The Organizing System Concept
So we start by saying that notation is something different than a word. Instead of “to run”, we have a name of a function, running. However, here, “running” is used descriptively, while notation supposedly contains everything required to instantiate, right then and there, running itself. We see this in our application of involution–that when I apply the symbol of the cathedral to the function of the cathedral, the human glory that coheres the two is the result. Or when I apply the function of complexity to its possible genetic set, a human being bafflingly arrives out of the womb.
So not only is representation spatial, but it is the organization of functions, in a form that is both kinetic and potential depending on the circumstances–just the syntax of a mathematical sentence can decide if it has kinetic or potential power in the given sentence. So is that language as we know it? Or is it dancing? Or dancing as language? When I think of the forms described by the late Maryam Mirzakhani or the “shape of proofs” this is what I mean.
The final comedy is that what is often called “intuitive” is a way to create rigor–an unpacking of the implicit politicizations in a contained moving or non-moving function, in order to tease out the errors or accuracies in analysis, and send it back up to the sort as a specified function. In fact, that is most of the work of many researches…simply teasing out inefficiencies in the original description, releasing powers to the function that were previously unknown due to the carelessness of tongue. And that these things that are called “intuitions” actually stand greater chances when naturally described than those who may see a representation’s inherent organization and endearingly call it a “smooth and robust appearance”, indeed these big guys may be intuiting most of the language with which they speak.
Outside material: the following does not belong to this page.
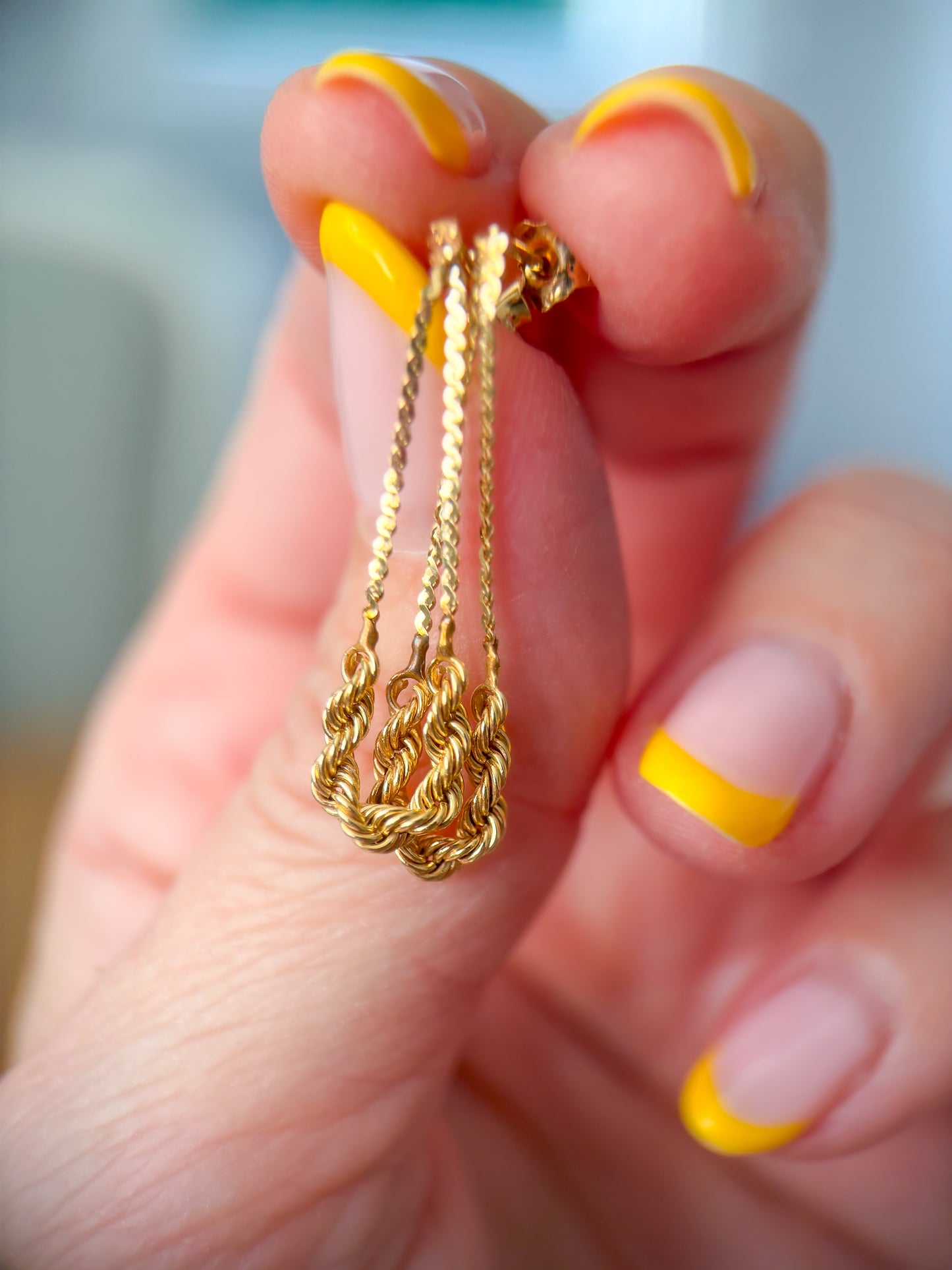 Vintage Dangle Rope 14k Yellow Gold Earrings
As with all magics, one must speak in a careful tongue. Only then do the most encrypted of all creatures, the functions of nature, feel safe enough to speak back. These trees don’t have brains, but they are the products of moving and dancing with each other and the light, and doing what is needed to finance the endeavor. What looks like chaos for a leaf is another denser network (oh I’m sorry, human)’s tree. And maybe this is the vision that belongs to the greatest mathematicians among us, if their understandings are true, and their pursuit of closeness to the subject sincere. One doesn’t need money to see the forest for the trees. It will just lead you back here. A sharp tongue, a sharp spatial sense, and a little bit of magic.